Warren Millard, the managing director of Lyonswood Investigations and Forensic, says AFL clubs can gather significant advantages from using spy tactics on match day and during opposition training sessions.

They range from using lip readers or directional microphones to tape or capture quarter-time speeches and coaches' box instructions, to observing rivals' game-plan tactics with hi-tech binoculars during training sessions.

Millard's warning comes after the AFL was this week forced to investigate allegations a Bulldogs runner was electronically wired up and delivering messages to trainers.
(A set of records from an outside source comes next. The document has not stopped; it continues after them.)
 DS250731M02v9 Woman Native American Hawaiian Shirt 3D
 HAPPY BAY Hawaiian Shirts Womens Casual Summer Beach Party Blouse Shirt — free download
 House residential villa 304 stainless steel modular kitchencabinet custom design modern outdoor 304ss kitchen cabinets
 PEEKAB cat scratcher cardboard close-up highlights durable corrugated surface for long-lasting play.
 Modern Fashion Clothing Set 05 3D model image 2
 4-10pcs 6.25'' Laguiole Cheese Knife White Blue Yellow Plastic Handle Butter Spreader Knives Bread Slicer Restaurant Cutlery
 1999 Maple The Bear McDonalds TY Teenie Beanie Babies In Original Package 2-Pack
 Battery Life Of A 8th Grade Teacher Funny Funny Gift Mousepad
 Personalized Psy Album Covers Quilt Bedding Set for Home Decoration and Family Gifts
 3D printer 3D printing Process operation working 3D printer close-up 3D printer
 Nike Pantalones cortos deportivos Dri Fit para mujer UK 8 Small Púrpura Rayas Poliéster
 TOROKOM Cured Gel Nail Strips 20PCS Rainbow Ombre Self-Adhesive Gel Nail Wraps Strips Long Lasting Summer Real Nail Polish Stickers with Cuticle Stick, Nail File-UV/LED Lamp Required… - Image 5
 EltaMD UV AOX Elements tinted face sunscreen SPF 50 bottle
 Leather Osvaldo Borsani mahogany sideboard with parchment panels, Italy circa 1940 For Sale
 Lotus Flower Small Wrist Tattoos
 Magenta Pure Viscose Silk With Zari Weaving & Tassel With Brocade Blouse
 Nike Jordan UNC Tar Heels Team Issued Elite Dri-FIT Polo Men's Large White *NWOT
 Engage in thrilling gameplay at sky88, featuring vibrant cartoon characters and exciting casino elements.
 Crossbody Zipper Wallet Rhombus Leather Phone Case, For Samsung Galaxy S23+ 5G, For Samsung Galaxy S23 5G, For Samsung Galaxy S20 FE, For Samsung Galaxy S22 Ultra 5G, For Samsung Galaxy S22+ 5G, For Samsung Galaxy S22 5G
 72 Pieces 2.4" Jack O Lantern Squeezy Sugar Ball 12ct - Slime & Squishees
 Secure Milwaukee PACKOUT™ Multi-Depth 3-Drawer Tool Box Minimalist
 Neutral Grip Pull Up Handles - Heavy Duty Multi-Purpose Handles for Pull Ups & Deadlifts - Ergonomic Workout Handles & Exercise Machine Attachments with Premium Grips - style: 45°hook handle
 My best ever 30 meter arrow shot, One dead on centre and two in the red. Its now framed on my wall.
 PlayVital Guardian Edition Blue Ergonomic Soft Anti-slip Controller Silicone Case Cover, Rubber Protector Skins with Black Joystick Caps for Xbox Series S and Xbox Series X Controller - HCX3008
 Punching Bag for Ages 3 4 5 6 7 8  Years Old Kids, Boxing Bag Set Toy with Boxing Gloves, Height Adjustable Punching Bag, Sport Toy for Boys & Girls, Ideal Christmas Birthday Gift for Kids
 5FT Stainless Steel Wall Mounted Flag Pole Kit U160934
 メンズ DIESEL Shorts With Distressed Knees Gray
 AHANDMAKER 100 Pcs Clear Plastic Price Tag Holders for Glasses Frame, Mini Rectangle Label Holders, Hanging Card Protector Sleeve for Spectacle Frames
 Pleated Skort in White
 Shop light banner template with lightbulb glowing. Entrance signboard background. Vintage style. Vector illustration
Rumours swept AFL clubs that spies were using advanced technology to gather information and get the jump on opposition coaching tactics and instructions.

Sydney-based Millard would not confirm which football code the technology was being used in, but said it would be naive to think AFL clubs had not considered it.

"I can guarantee you that spying in the footy industry does happen. We call it a competitive advantage. You need reliable information on your competitors so you can make competitive decisions," he said.

"In The Art of War, Sun Tzu said if you do not know the plans of your competitors you cannot make informed alliances."

While AFL clubs have long played ducks and drakes over late team changes and injury reports, forward scouting has been taken to new levels in recent years.

Clubs have banned rival scouts from training sessions and are preventing video cameras being used to ensure sensitive tactics and stop-play manoeuvres are not uncovered.

In America's National Football League, head coaches cover their lips when speaking into headsets to ensure lip readers do not discover which set play they are calling for their team.

While AFL clubs say it is unlikely they would go to those lengths, Millard says the technology is readily available.

"Lip reading is common. Whilst it is unlawful to record a conversation with a listening device there is nothing to prevent you from overhearing it. And a person who lip reads overhears it in a different way."

Millard says directional, or parabolic microphones, are often used in surveillance that pick up conversations up to 2km away.

But rivals in the surveillance field, including Mark Muratore from Spyquip World, said yesterday the background noise from a football crowd would cause too much interference.

"If you tried to use something like a shotgun mike at a football game, you would be hard pressed to get any clarity," he said.

Richmond has been prevented from using its Motorola headsets at certain games in recent years because rivals using the same brand of headsets can tap into the audio channels.

Victorian clubs setting up audio equipment before games while Adelaide trains at AAMI Stadium have unwittingly tapped into Adelaide's advanced set-up, which has coaches and players wired for sound.

Millard said it was no problem for clubs to capture opposition training sessions despite safeguards in place.

"You can easily take a camera that is disguised in the form of binoculars. They are specialised, like most spy equipment, but you can set up a camera in a theodolite (surveying machine), or a camera can be built into a tree stump. Cameras are so tiny nowadays, they are only limited to your imagination."